Wideopen shop granted alcohol licence despite fears of anti-social behaviour

The Journal shop on Canterbury Way in Wideopen.
-Credit: (Image: Newcastle Chronicle/Iain Buist)


A new alcohol licence for a Wideopen shop has been approved despite fears of anti-social behaviour.

North Tyneside Council’s licensing committee has granted The Journal Convenience Store, on 21 Canterbury Way, a permit for alcohol sales between 8am to 10pm daily. This comes despite local worries that a licence may contribute to troubling behaviour on the estate.

Wideopen local, Julie Hannon, told the committee she feared an alcohol licence in conjunction with longer opening hours was a recipe for fueling anti-social behaviour in the area. Ms Hannon also claimed she had 102 names objecting to the application.

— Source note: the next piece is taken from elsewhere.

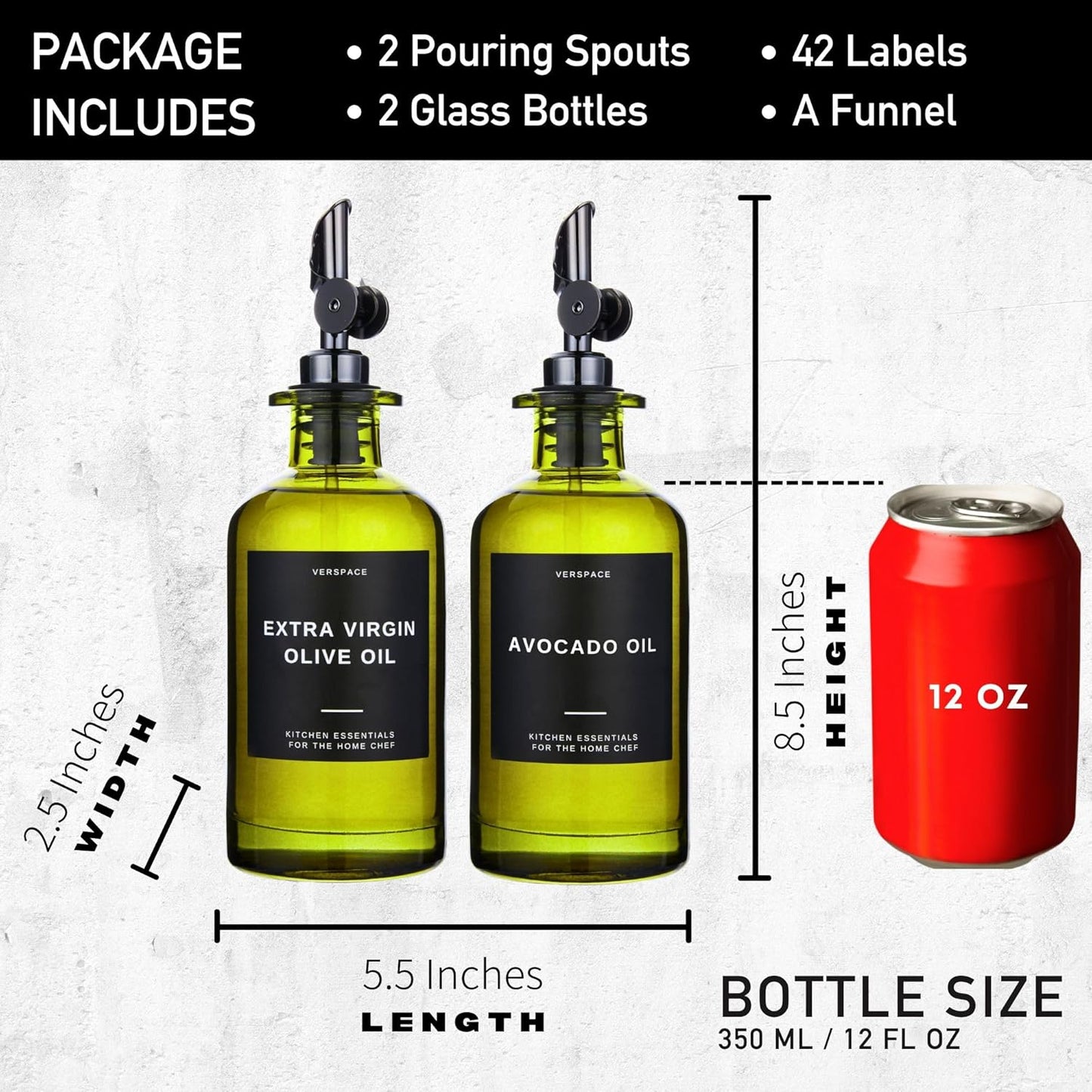 Green Glass Olive Oil Dispenser Bottle For Kitchen By Verpsace,Avocado Oil Dispenser Set, Modern Decor, Gold Kitchen Accessories for Home, Airbnb, Cafe (Black, Set of 2)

She also had concerns about customers congregating outside the shop, close to nearby homes. Ms Hannon told the committee: “I have had past experience next to a shop selling alcohol. I have been a resident of Wideopen all my life, I’ve seen anti-social behaviour outside the Co-op, and outside the One Stop shop down the road.

“I’ve spoken to staff from these shops and they’ve told me they can’t get rid of kids hanging around outside, no matter what they do, and they are very concerned about the high levels of theft. I have witnessed it with my own eyes, living in that area.”

However, Esam Khass, representing applicant Kamalanathan Sakilan, told the licensing committee that his client had 15 years of experience in the industry and that no objections had been raised by Northumbria Police.

In addition, Mr Khass informed councillors the shop would adhere to ‘Challenge 25’ and install CCTV at both the front and back of the shop for extra security.

Mr Khass said: “This is a very very small establishment which has been trading for many years. The shop sells a wide range of goods. The proposed sale of alcohol will just be part of the overall business, roughly less than 15% of the floor space."

Mr Khass continued: “We put forward a comprehensive set of licensing conditions to uphold the licencing objectives.”

After listening to both representations and deliberation, North Tyneside Council’s licensing committee approved the applicant’s application for alcohol sales for consumption off the premises.